Note, that to my surprise these calculations (copied from NIST Form factors) do not normalize correctly to 1 at low q. The reason is that the weighting is done by volume and contrast. I’ll need to look into this again and in detail…

Example, Radius 50A, skin thickness 10A, contrast ratio 0.6

CoreShellPrecipitate¶

This is unique form factor, which - even for dilute system - results in “diffraction peak” type scattering. It is a very special case, when core shell particle is formed from matrix and as it is formed, the core chemistry/rho deviates from matrix chemistry/rho. If the diffusion in the matrix is not fast enough, the chemistry around the particle changes, which results in rho changing in the other direction. Therefore one can end with core shell particle which has higher-then-solvent rho core surrounded by lower-then-solvent rho shell (or the other way). With average rho same as matrix. In such case at low-qs the particle “disappears” since we are probing material on larger length scales, and on average at those length scales the rho is the same. Fro example of this type of precipitation see:

Imhoff, S.D., et al., Kinetic transition in the growth of Al nanocrystals in Al-Sm alloys. Journal of Applied Physics, 2012. 111(6): p. 063525-9.

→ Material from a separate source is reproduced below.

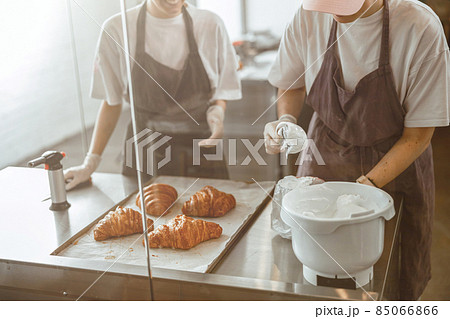 Worker fills confectioner with delicious cream at table with croissants in craft bakery shop Worker fills confectioner with delicious cream at table with croissants in craft bakery shop 85066866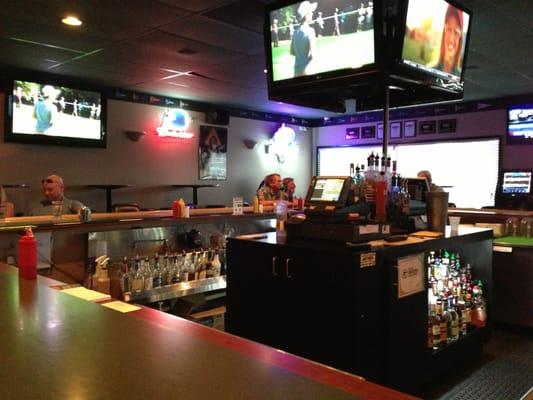 Square bar with plenty of TV screens.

Remember, that by basic nature of this logic, the rho of the core/shell needs to be one larger and the other smaller than solvent rho. Also, they probably need to be pretty close together. If this is not correct, the code would create negative shell thicknesses and abort. Do not do it, it is not very physical…

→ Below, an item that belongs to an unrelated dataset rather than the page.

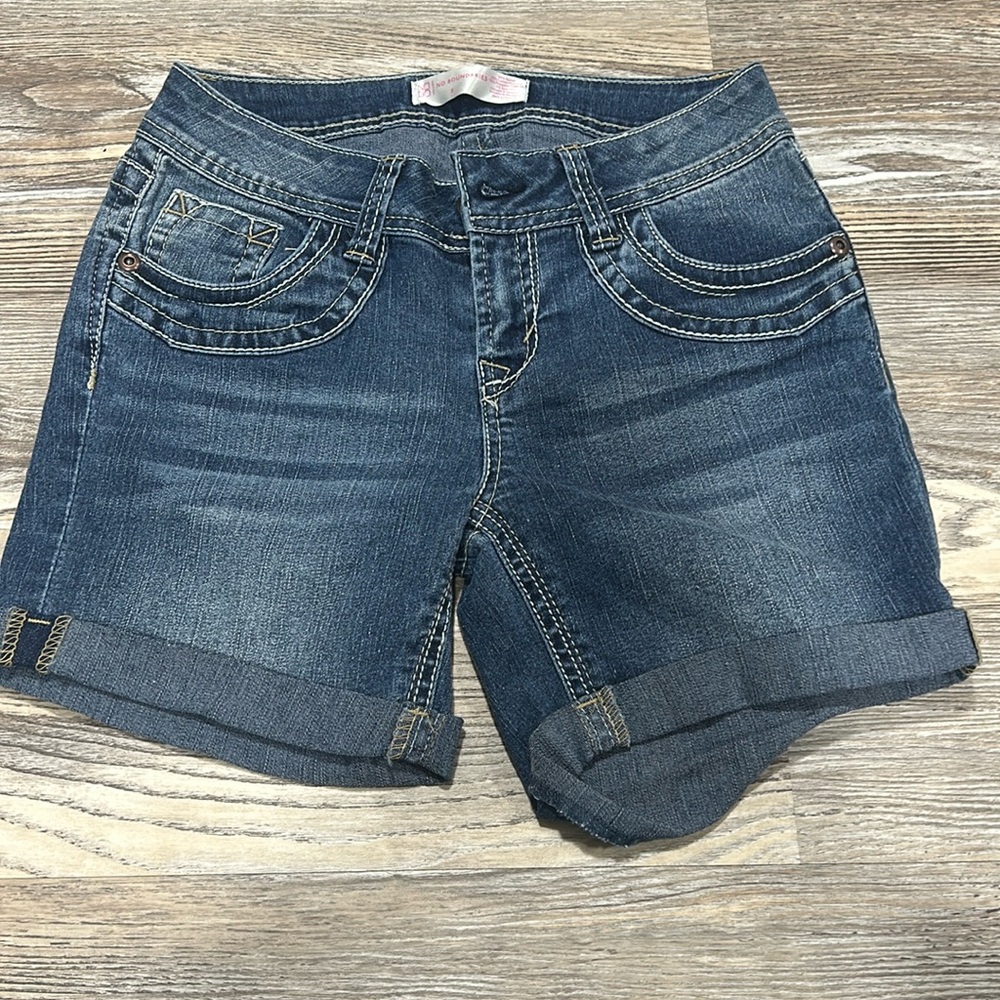 jean shorts with design on pockets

The particle volume is always volume of the core. I think no other logic makes too much sense.

Code uses regular core shell form factor (see above). For each size the shell thickness is calculated so the average rho of the particle matches the rho of the solvent. First we calculate:

$$ShellVolume=\frac{CoreVolume(SolventRho - CoreRho)}{ShellRho - SolventRho}$$ Then we calculate the shell thickness for known ShellVolume and known core radius.

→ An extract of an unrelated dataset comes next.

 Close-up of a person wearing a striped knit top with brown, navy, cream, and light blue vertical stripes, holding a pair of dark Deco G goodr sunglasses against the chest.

Core volume = $$\frac{4}{3} \pi R^3$$

Example, Radius 50A, Core Rho 110, Shell Rho 85, Solvent Rho 90; note, this internally resolves to shell thickness of 35.5A.

CoreShell Cylinder¶

Note, this form factor calculation also includes integration over the width of bin in radii (same as integrated spheroid and cylinder).

This code has been developed some time ago and I am not sure about it’s function…

Code which is being used is direct copy of NIST Core shell cylinder.

Note, that there is volume definition choice you need to do: Whole particle, core, or shell, as appropriate for given problem. This volume definition is used for all volume calculations for this particle. It is global parameter for all core shell cylinder or core shell calls in the WHOLE EXPERIMENTÅc.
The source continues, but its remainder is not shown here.